An April, 2016 academic study of bit.ly links shared on Twitter to BBC, CNN,
Fox News, New York Times and Huffington Post articles found that 59 percent of
the links were never clicked. And another study of push-through news alerts to
mobile phones found that “People click on the alert about half the time.”

Source: [https://honestreporting.com/tag/misleading-
headlines/](https://honestreporting.com/tag/misleading-headlines/)

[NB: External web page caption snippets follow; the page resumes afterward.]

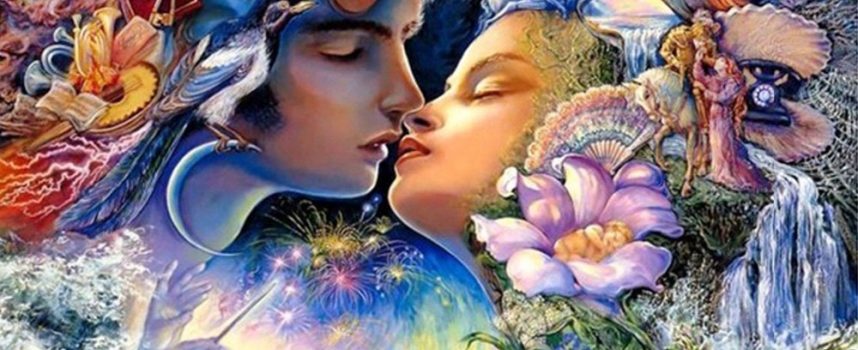 Key to Healing “Sleeping Beauty. The Awakening Kiss” starting April 10
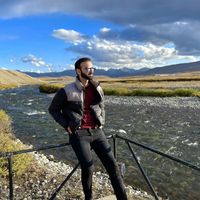 Ali Ashraf's Photo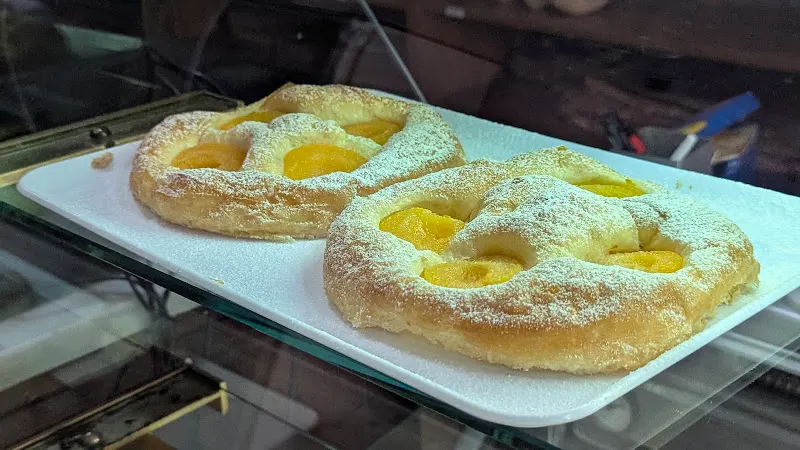 Can Mateu des Forn - Sant Joan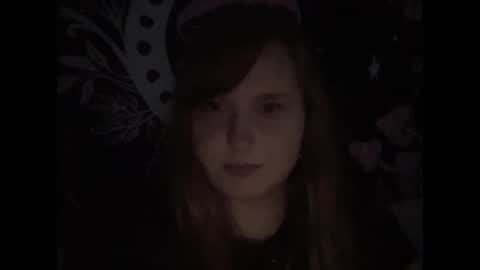 yourthickgingergoddess online show from February 9, 2:49 am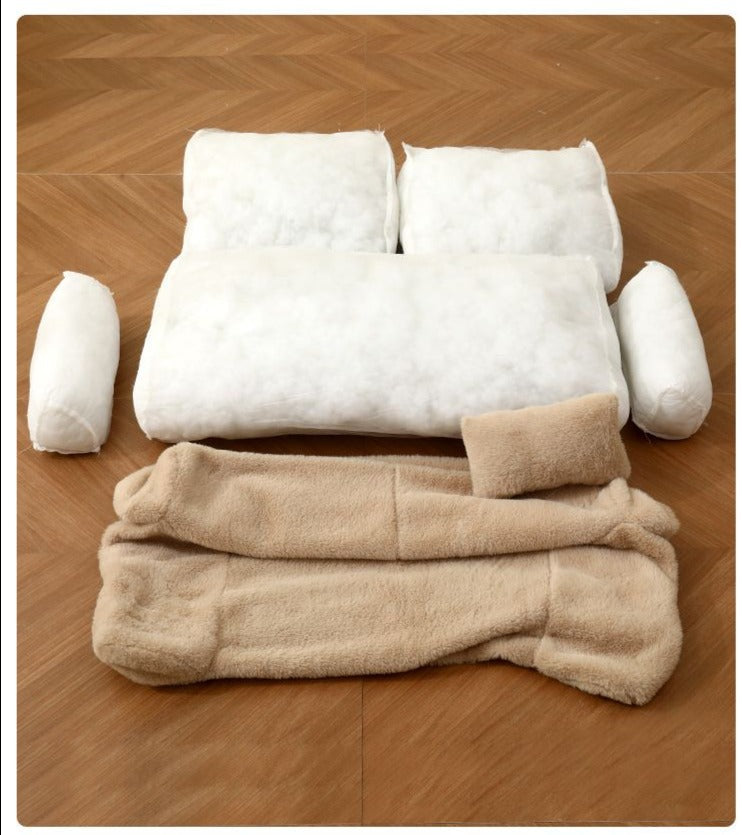Calming Sofa for Pets - image 7 of 8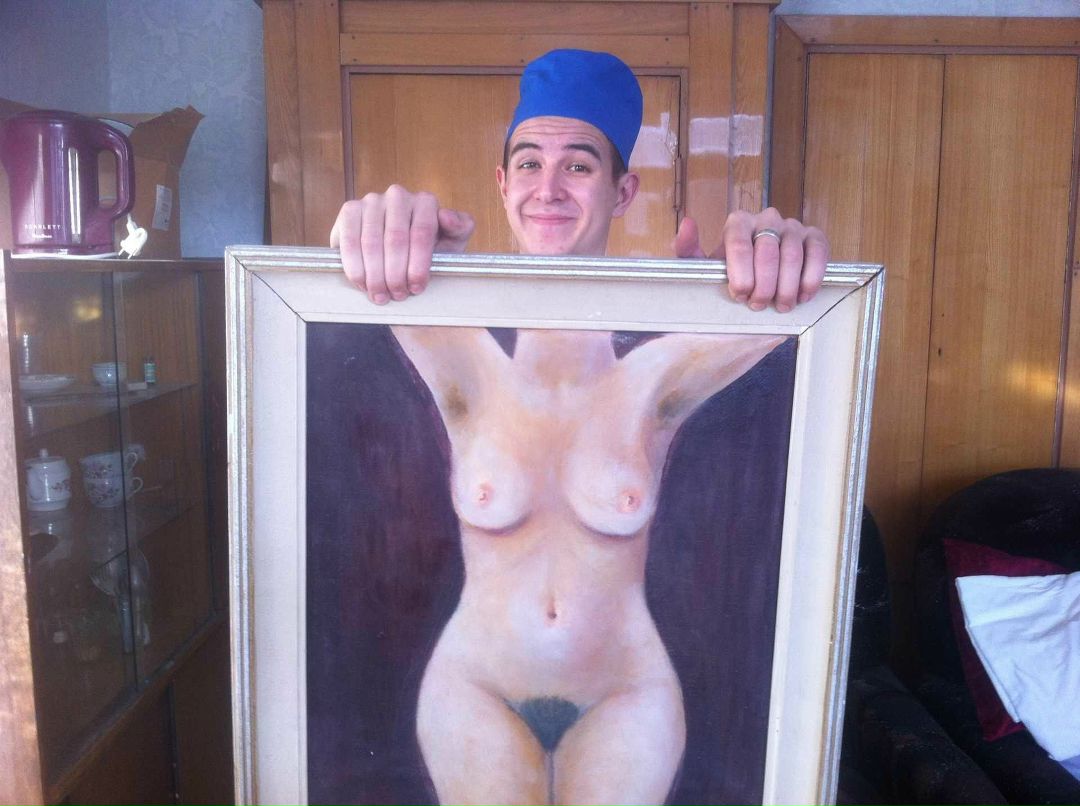 Давид Рамирес دافيد | Уфа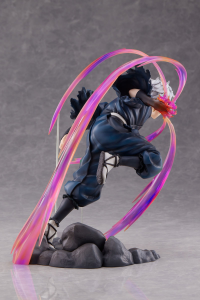 Hell’s Paradise Gabimaru 1/7 Scale Figure 9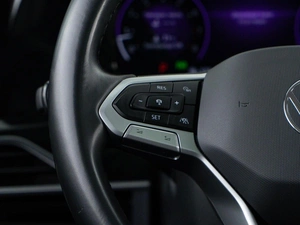 Внедорожник Volkswagen Talagon 2023 года, 4798444 рублей, Москва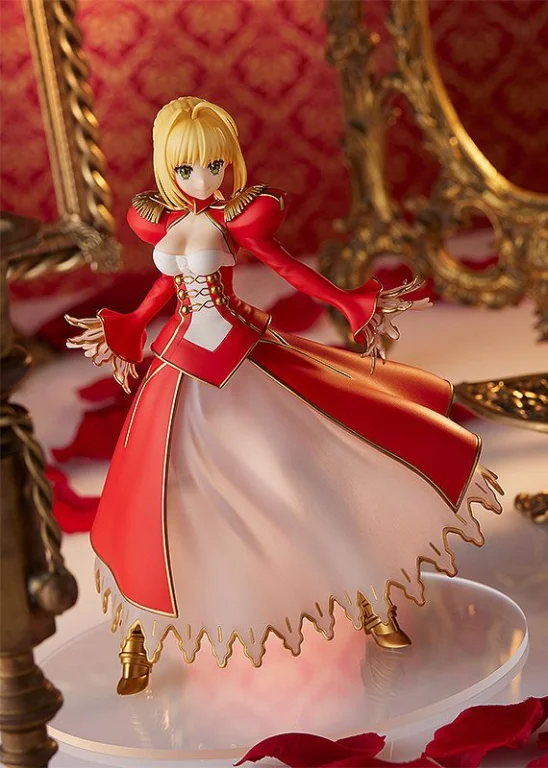 Fate/Grand Order - POP UP PARADE - Saber/Nero Claudius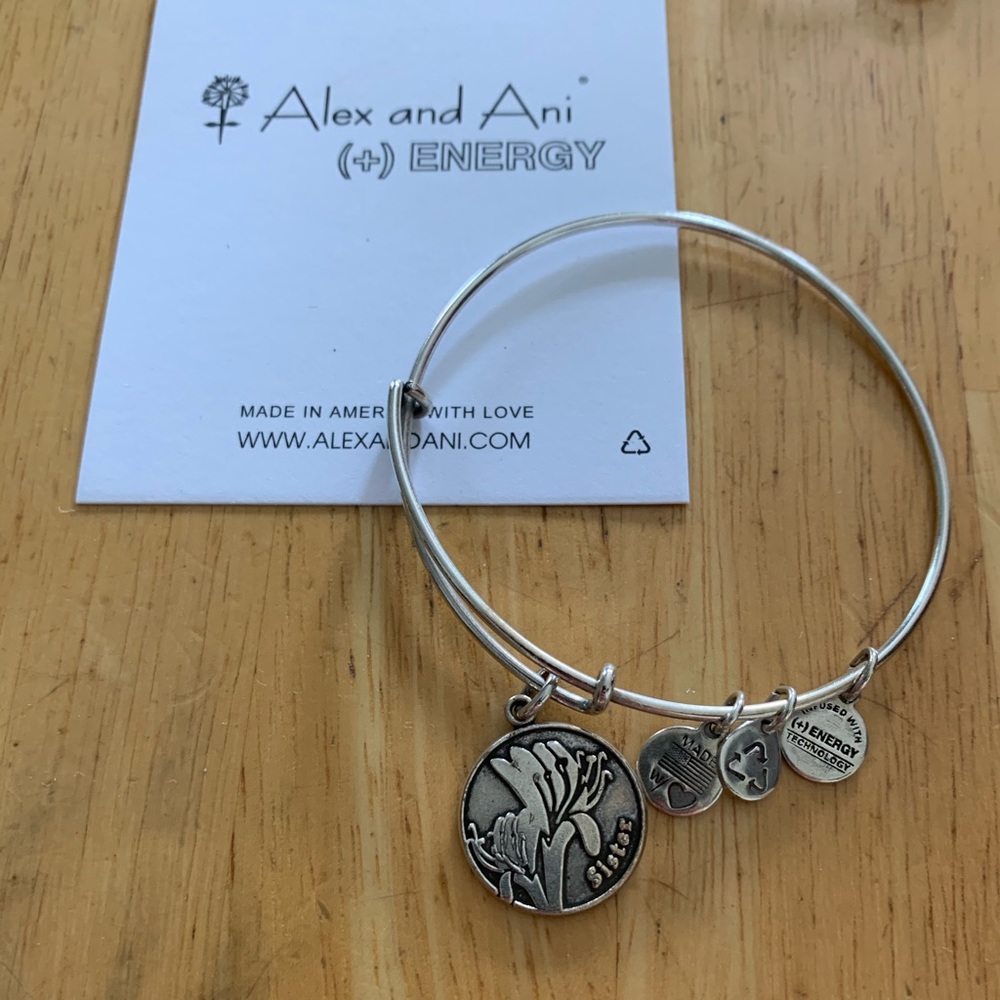 Alex and Ani Bracelet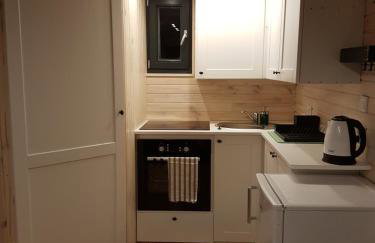 Domek na korcie - Foto 63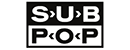 Sub Pop Logo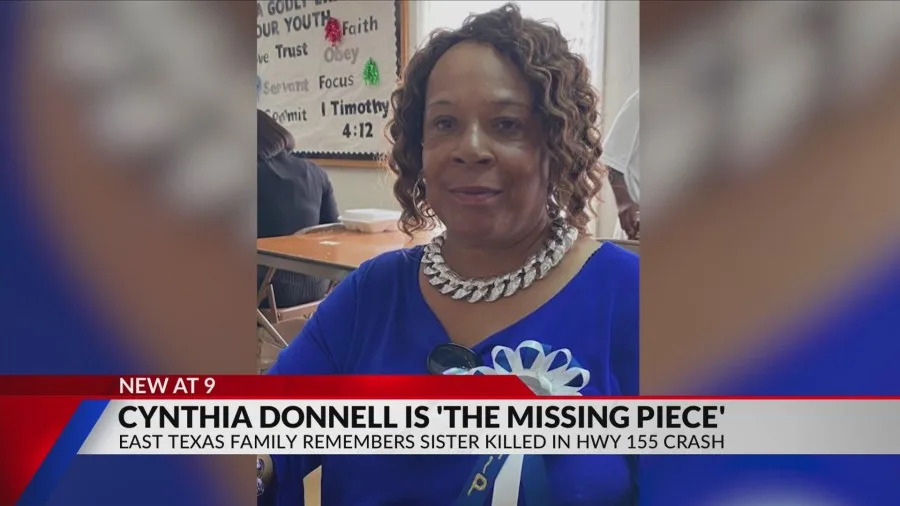 East Texas family remembers sibling killed in Highway 155 crash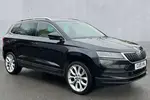 2019 Skoda Karoq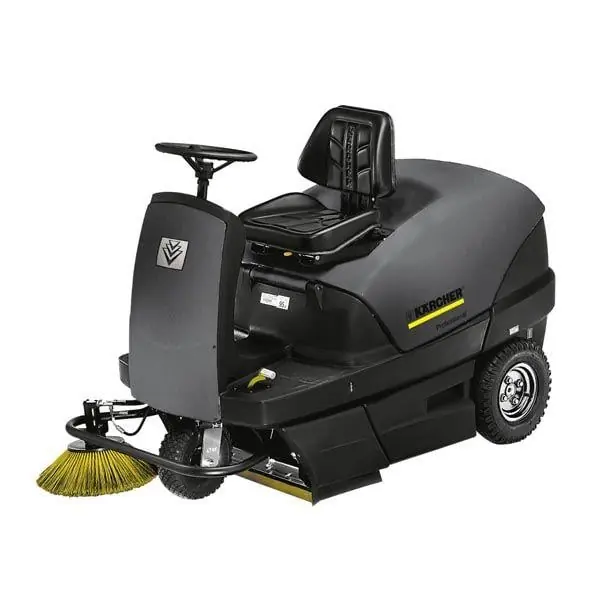 Kärcher KM 100/100 R LPG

What this means is most people only read the headline and not even the first
line.

------
known
The Arabic countries led by the Muslims were the most advanced
scientists/engineers in the world, until they let the religious crazies take
over. Just saying Indian ...
[https://en.wikipedia.org/wiki/Timeline_of_science_and_engine...](https://en.wikipedia.org/wiki/Timeline_of_science_and_engineering_in_the_Islamic_world)

------
vinilg
Sanskrit being mother of most modern languages, including European. There must
be a scientific reason why Sanskrit was declared the best language for
Computers by NASA. Dwarika cities were discovered intact under seabed proving
Indian civilisation is the oldest in the world and was far ahead even
12,000-32,000 years ago. It is clear that there is science in many rituals of
Karama based Hindu Vedas, rituals, food, Yoga etc. It is not surprising the
claim Indian scientists are making. On the other hand, in a Mahabharata speak,
Britain would be called a land of daemons on the basis of the murder, loot,
suppression and hijacking of cultures of its colonies. British would like
world to believe that sun actually shines out of their backside.

------
cyberjunkie
Of course, they were the first to discover and invent. They just lost all of
the learnings somewhere in the past, presumably to a server crash.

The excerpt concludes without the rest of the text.